ENFJs know and appreciate people. Like most NFs, (and Feelers in general), they are apt to neglect themselves and their own needs for the needs of others. They have thinner psychological boundaries than most, and are at risk for being hurt or even abused by less sensitive people. ENFJs often take on more of the burdens of others than they can bear.
TRADEMARK: “The first shall be last”
This refers to the open-door policy of ENFJs. One ENFJ colleague always welcomes me into his office regardless of his own circumstances. If another person comes to the door, he allows them to interrupt our conversation with their need. While discussing that need, the phone rings and he stops to answer it. Others drop in with a ‘quick question.’ I finally get up, go to my office and use the call waiting feature on the telephone. When he hangs up, I have his undivided attention!

Functional Analysis:
Extraverted Feeling
Extraverted Feeling rules the ENFJ’s psyche. In the sway of this rational function, these folks are predisposed to closure in matters pertaining to people, and especially on behalf of their beloved. As extraverts, their contacts are wide ranging. Face-to-face relationships are intense, personable and warm, though they may be so infrequently achieved that intimate friendships are rare.
Introverted iNtuition
Like their INFJ cousins, ENFJs are blessed through introverted intuition with clarity of perception in the inner, unconscious world. Dominant Feeling prefers to find the silver lining in even the most beggarly perceptions of those in their expanding circle of friends and, of course, in themselves. In less balanced individuals, such mitigation of the unseemly eventually undermines the ENFJ’s integrity and frequently their good name. In healthier individuals, deft use of this awareness of the inner needs and desires of others enables this astute type to win friends, influence people, and avoid compromising entanglements.
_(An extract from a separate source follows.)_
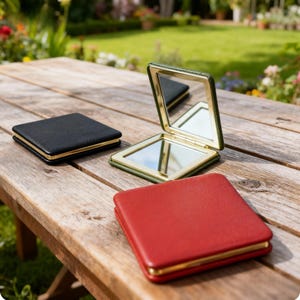 May include: Three square compact mirrors in black, red, and green leather with gold-colored trim. One mirror is open, revealing a reflective surface. The mirrors are arranged on a wooden table outdoors, with a blurred background of greenery.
The dynamic nature of their intuition moves ENFJs from one project to another with the assurance that the next one will be perfect, or much more nearly so than the last. ENFJs are continually looking for newer and better solutions to benefit their extensive family, staff, or organization.
Extraverted Sensing
Sensing is extraverted. ENFJs can manage details, particularly those necessary to implement the prevailing vision. These data have, however, a magical flexible quality. Something to be bought can be had for a song; the same something is invaluable when it’s time to sell. (We are not certain, but we suspect that such is the influence of the primary function.) This wavering of sensory perception is made possible by the weaker and less mature status with which the tertiary is endowed.
Introverted Thinking
Introverted Thinking is least apparent and most enigmatic in this type. In fact, it often appears only when summoned by Feeling. At times only in jest, but in earnest if need be, Thinking entertains as logical only those conclusions which support Feeling’s values. Other scenarios can be shown invalid or at best significantly inferior. Such “Thinking in the service of Feeling” has the appearance of logic, but somehow it never quite adds up.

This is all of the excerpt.